▶ Directions for this task
Where in the data below does the word "Chapter" appear? Copy each line that holds it.

▶ Data shown
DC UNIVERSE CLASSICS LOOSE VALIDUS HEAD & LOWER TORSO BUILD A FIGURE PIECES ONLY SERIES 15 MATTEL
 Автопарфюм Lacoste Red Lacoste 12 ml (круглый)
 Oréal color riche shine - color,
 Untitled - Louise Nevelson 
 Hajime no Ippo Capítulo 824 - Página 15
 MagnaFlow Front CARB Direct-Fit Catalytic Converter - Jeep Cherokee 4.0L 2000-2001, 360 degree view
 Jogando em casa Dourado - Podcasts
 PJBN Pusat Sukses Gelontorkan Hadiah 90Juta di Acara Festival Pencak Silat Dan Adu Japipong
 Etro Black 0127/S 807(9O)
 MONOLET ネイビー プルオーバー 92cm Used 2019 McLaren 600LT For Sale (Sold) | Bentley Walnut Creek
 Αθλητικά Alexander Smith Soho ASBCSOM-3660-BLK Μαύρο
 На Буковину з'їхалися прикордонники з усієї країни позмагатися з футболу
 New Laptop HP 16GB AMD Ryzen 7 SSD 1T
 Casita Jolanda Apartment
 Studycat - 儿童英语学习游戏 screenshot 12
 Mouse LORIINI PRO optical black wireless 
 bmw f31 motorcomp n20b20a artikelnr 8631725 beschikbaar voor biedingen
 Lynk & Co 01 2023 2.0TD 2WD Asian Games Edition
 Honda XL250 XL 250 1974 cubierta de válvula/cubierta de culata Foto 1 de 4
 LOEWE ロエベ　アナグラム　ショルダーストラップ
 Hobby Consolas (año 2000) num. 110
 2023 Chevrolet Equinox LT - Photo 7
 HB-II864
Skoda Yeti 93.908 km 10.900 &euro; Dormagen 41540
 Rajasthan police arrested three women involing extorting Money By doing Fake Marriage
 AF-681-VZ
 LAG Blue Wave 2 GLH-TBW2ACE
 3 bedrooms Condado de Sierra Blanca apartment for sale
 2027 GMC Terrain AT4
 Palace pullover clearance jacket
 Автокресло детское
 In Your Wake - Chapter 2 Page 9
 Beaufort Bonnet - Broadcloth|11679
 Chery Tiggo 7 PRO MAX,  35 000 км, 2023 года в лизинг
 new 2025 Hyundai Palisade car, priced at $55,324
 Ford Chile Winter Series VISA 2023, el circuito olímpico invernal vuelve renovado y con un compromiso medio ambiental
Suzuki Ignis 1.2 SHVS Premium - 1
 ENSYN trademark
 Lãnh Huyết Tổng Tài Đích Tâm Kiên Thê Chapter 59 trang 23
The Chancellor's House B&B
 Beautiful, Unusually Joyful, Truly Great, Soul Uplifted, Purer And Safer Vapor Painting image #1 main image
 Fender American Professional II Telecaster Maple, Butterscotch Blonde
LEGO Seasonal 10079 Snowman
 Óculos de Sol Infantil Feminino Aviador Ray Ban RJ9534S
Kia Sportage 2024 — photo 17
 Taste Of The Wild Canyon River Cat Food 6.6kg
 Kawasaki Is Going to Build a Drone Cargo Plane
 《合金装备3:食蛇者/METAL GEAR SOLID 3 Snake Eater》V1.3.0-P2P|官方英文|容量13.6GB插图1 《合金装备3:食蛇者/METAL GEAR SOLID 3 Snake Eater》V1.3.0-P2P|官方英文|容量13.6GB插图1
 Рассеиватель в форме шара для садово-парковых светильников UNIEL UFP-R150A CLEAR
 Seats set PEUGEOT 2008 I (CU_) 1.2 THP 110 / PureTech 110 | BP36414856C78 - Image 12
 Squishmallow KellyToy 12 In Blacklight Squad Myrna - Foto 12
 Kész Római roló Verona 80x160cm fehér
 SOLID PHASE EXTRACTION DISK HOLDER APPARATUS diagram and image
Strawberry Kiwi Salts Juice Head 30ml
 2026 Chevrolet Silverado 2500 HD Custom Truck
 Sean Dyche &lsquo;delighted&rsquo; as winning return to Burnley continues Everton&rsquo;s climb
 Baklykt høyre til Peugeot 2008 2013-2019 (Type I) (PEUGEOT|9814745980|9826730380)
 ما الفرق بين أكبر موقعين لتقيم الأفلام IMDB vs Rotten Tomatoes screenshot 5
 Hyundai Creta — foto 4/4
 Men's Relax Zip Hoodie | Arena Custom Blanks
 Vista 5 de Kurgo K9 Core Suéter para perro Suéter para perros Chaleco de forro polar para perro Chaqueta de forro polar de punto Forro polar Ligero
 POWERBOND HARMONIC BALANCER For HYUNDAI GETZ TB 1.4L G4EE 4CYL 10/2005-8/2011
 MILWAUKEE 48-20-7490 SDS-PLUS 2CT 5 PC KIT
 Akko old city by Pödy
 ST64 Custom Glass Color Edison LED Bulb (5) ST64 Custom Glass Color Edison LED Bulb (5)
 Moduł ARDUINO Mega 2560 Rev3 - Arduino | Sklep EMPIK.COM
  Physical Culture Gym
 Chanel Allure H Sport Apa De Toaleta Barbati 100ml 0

▶ Response area
 In Your Wake - Chapter 2 Page 9
 Lãnh Huyết Tổng Tài Đích Tâm Kiên Thê Chapter 59 trang 23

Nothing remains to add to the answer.